Tesla shares soared in pre-market trading Thursday after the automaker said it delivered 90,650 vehicles in the second quarter, handily beating Wall Street expectations.
Analysts expected the electric car maker to delivery about 72,000 vehicles during the last three months, according to a consensus of analysts surveyed by FactSet. A broader set of analyst estimates, compiled by Bloomberg, set Wall Street expectations for Tesla higher at 83,000 vehicle deliveries in the second quarter.
Shares of Tesla closed Wednesday up 3.7% to $1,119.63. The company’s stock jumped by about 10% in pre-market trading.
The deliveries come a day after Tesla CEO Elon Musk sent out an e-mail congratulating his tens of thousands of employees on their “amazing” execution “in such difficult times.”
In the first quarter of 2020, Tesla said it made more vehicles than it sold– with 102,672 units produced, and 88,400 delivered. During the second quarter of 2019, Tesla said it made 87,048 vehicles including 72,531 Model 3s, and delivered 95,200, including 77,550 Model 3s.
Deliveries are the closest approximation of sales numbers reported by Tesla.
Auto sales the world over, and especially in the U.S., slumped during the quarter after Covid-19 outbreaks led to health restrictions on households, travel and businesses, mass layoffs and wage cuts.
During Q2, Tesla had to close its main U.S. car plant in Fremont, California for several weeks due to health orders.
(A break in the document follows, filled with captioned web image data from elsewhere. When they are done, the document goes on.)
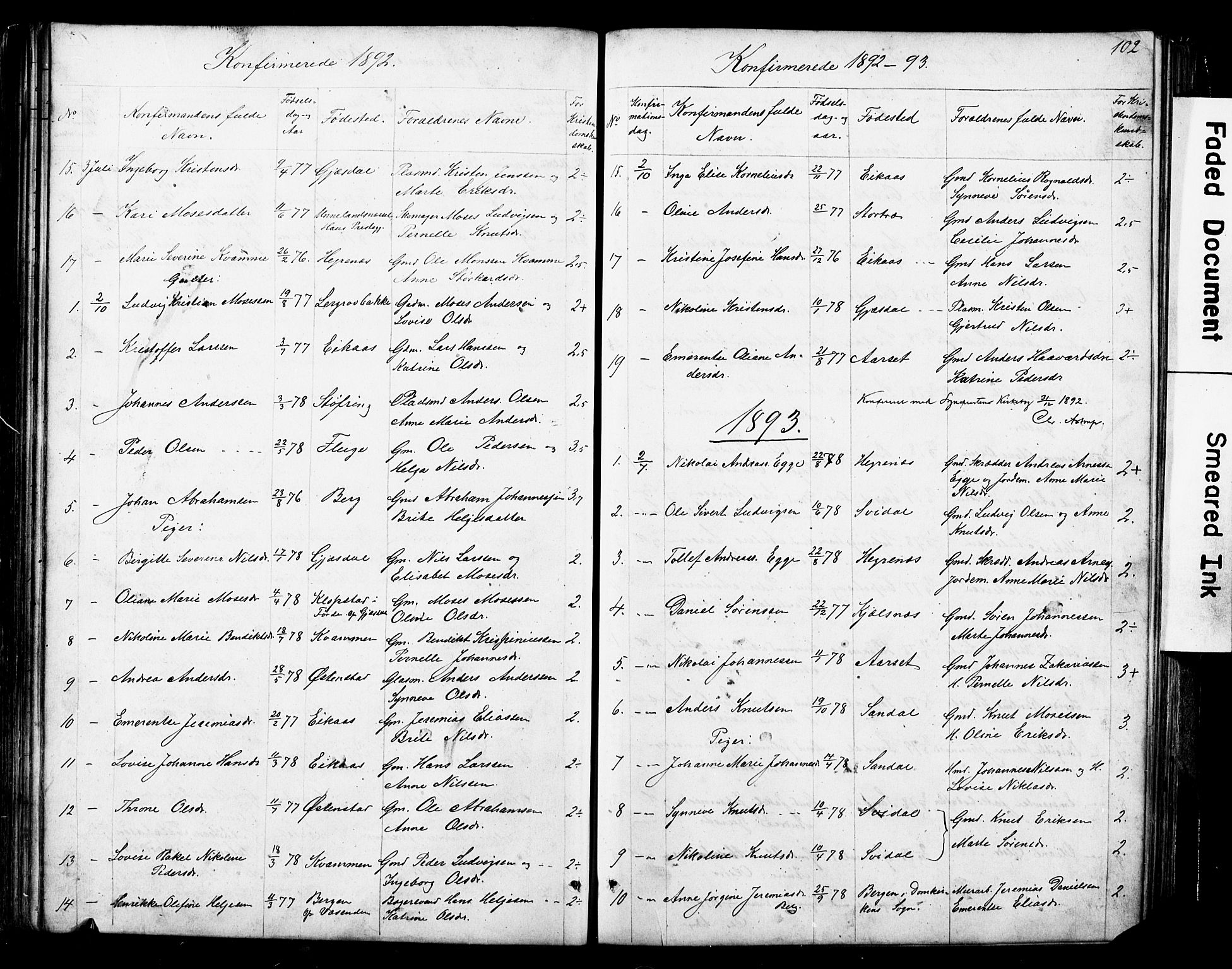 Jølster sokneprestembete, SAB/A-80701/H/Hab/Haba/L0001: Parish register (copy) no. A 1, 1853-1894, p. 102
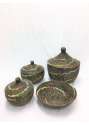 Set Of 3 Braided Bakets & Tray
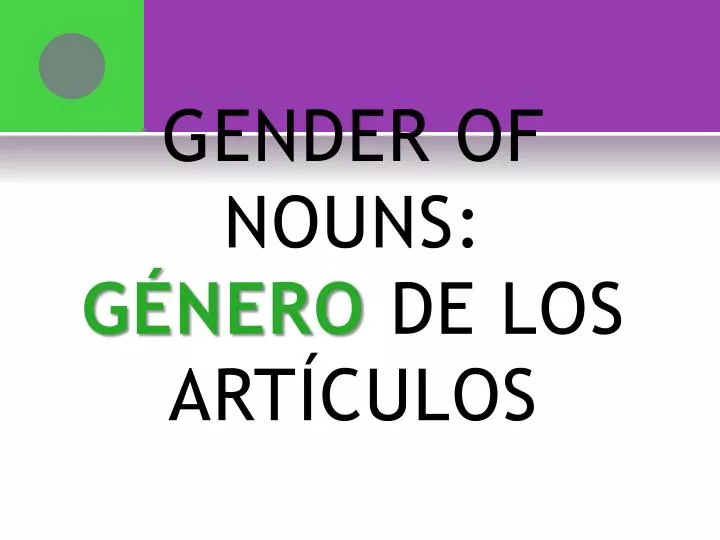 gender of nouns g nero de los art culos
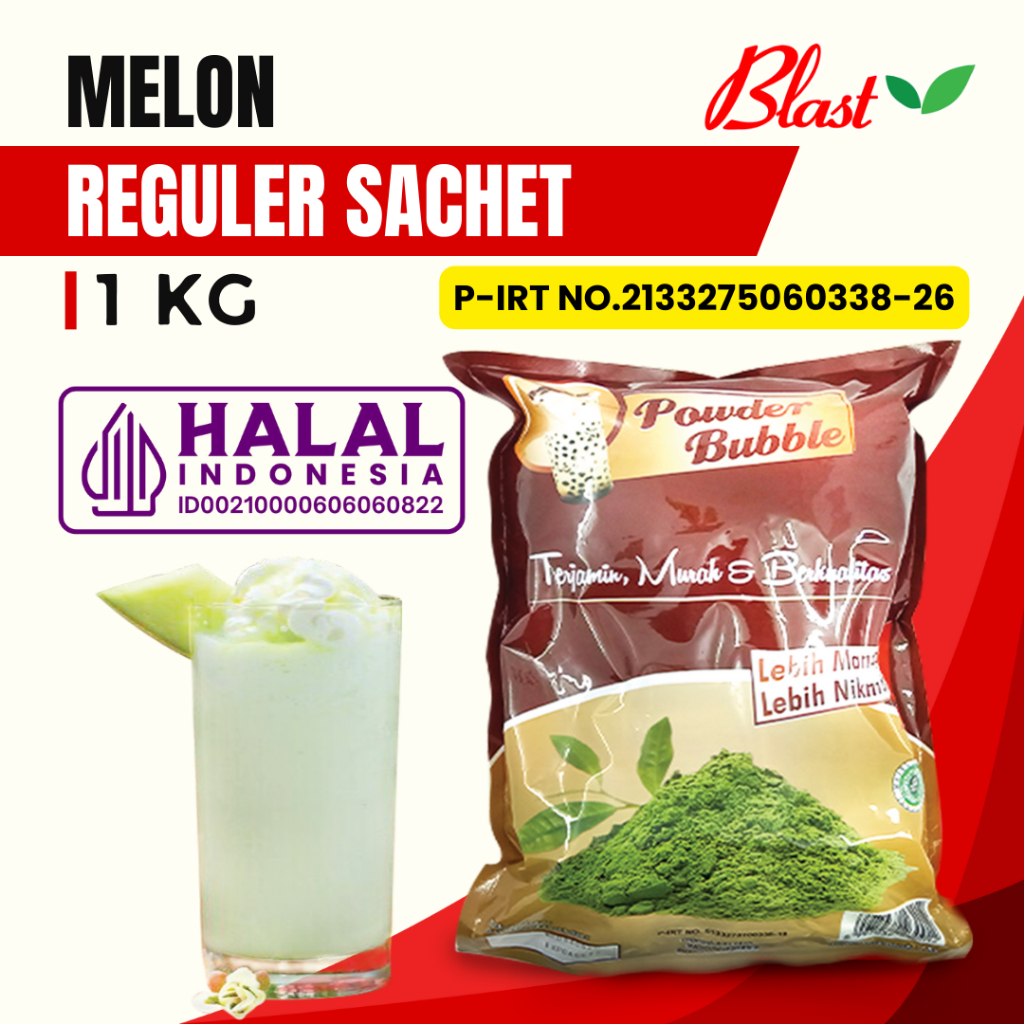 

Bubuk MELON 1 KG - Bubuk Minuman Rasa Buah Melon - Powder Drink / MIX Creamer + Gula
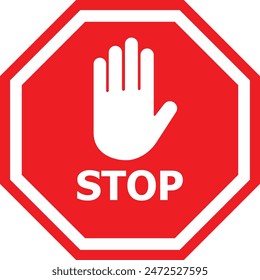 stop hand sign vector printable design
It slashed pay for salaried workers, and delayed giving raises, promotions and bonuses to employees until after a performance review that should be completed by the end of July.
Musk famously clashed with local health authorities over Covid-19 restrictions on the Fremont plant. He also downplayed the severity and prevalence of Covid-19 in the U.S., even though he delayed the company’s Battery Day and shareholder meeting until September, citing safety for crowds in the face of the novel coronavirus.
In the US, Tesla also faced two new federal safety probes, one over a problem with its vehicle displays, and another over a cooling system in its older Model S vehicles which may pose a fire risk.
In order to stoke demand for the company’s electric vehicles, Tesla cut vehicle prices during Q2 in North America and China both.
Its Shanghai car plant came back online quickly after a coronavirus-related shutdown, however. Sales in China began to recover with the company selling 11,095 made-in-Shanghai Model 3s there in May, according to data from the China Passenger Car Association.
On Wednesday, ahead of its deliveries report, Tesla’s valuation edged higher than Toyota’s. The American automaker’s sales are a small fraction of its Japanese predecessor, however. In 2019, Tesla reported deliveries of 367,500 vehicles globally, while Toyota reported sales that were twenty nine times higher at 10.74 million units.
Tesla was expected to meet or beat street expectations for Q2 deliveries, in no small part because Musk has been sending out “Everybody” e-mails to Tesla employees, which signal how the company is doing, and typically leak to press.
He sent one such e-mail on Wednesday around 11 a.m. California time to Tesla employees with the subject line “Congratulations Tesla Team!.” The e-mail said, in its entirety: “Just amazing how well you executed, especially in such difficult times. I am so proud to work with you!”